Só a prevalência de uma anacrônica mentalidade nacionalista, indefensável nos tempos de globalização econômica, pode explicar a tentativa de um grupo dentro do governo de impedir a Vale de adquirir a mineradora anglo-suíça Xstrata, numa operação de valor estimado entre US$ 80 bilhões e US$ 90 bilhões. Esse nacionalismo ultrapassado pode até explicar, mas está longe de justificar a atitude do governo.
São frágeis, para não dizer insustentáveis, os argumentos que membros do governo invocam para barrar o negócio. A compra da Xstrata, se concretizada nos termos em que foi anunciada, não afetará em nada a participação, direta ou indireta, da União no capital votante da Vale - que se manteve depois da privatização da empresa. Alega-se que poderia ocorrer o que aconteceu na fusão da AmBev com a empresa belga Interbrew, da qual resultou a InBev, cujo comando ficou no exterior. A compra da Xstrata pela Vale não ameaçaria o controle, pelo Brasil, das decisões da empresa. E, se a mudança da sede da empresa vier a ser discutida, ela só se concretizará com a concordância do governo.

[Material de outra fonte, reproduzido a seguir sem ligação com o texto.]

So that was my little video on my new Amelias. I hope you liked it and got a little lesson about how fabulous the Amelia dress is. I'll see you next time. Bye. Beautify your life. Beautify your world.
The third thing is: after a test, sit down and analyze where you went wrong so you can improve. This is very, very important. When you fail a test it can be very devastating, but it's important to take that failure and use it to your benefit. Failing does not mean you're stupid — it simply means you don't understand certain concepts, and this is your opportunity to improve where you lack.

Como participante direto ou indireto no capital da Vale - por meio do Tesouro Nacional, do Banco Nacional de Desenvolvimento Econômico e Social (BNDES) e dos fundos de pensão dos empregados de empresas públicas -, o governo teve oportunidade de manifestar sua oposição ao negócio na reunião do Conselho de Administração da empresa em que a operação foi discutida. Se o fez, não conseguiu a maioria dos votos, pois o Conselho de Administração autorizou a diretoria da empresa a negociar a compra da mineradora anglo-suíça, como informou Lázaro Brandão, presidente do Conselho de Administração do Bradesco, que tem participação na Vale.

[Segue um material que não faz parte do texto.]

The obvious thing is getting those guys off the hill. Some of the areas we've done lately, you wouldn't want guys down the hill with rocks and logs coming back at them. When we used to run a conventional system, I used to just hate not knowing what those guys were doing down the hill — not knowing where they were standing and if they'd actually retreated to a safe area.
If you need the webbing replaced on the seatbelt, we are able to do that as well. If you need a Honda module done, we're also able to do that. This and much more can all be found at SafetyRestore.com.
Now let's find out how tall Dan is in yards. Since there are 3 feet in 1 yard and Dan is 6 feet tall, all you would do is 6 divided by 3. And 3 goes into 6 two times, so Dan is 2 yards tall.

A compra da Xstrata garantiria à Vale a liderança no ranking mundial das mineradoras. Hoje, a Vale tem valor de mercado estimado em US$ 130 bilhões, abaixo apenas da BHP Billiton, avaliada em cerca de US$ 170 bilhões. A Xstrata tem pouco mais da metade do valor de mercado da Vale.
A presença da empresa anglo-suíça é quase nula no Brasil, mas ela atua em 18 países, o que ajudaria a consolidar a estratégia de internacionalização da Vale. Com a compra, a Vale diversificaria ainda mais sua atuação. A diversificação começou com a compra da canadense Inco, então a segunda maior produtora mundial de níquel. Na Xstrata, a participação do minério de ferro é irrelevante. No ano passado, a empresa obteve 40% de sua receita com vendas de cobre, 22% com níquel, 17% com zinco e 12% com carvão. Ela é considerada a última mineradora de grande porte à venda.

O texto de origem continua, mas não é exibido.